:: WHAT YOU HAVE TO DO ::
Print exactly the lines below between the line containing "Pro Tek Reel Bands" and the line containing "Điện thoại HTC", counting both of those lines. Leave pictures out.

:: INPUT RECORDS ::
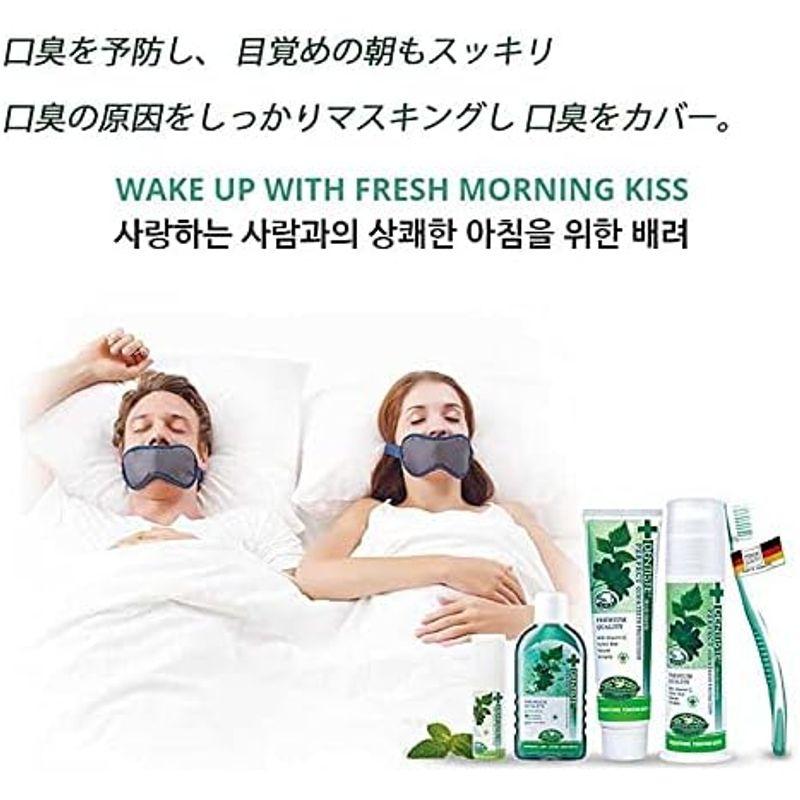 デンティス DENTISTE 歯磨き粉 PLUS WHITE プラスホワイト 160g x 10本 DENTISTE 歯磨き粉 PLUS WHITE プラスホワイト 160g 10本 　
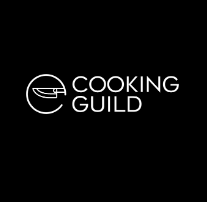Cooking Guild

--

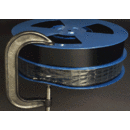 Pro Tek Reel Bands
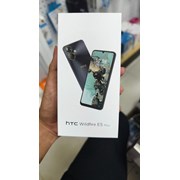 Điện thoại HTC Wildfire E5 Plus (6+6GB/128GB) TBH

:: EXPECTED OUTPUT ::
 Pro Tek Reel Bands
 Điện thoại HTC Wildfire E5 Plus (6+6GB/128GB) TBH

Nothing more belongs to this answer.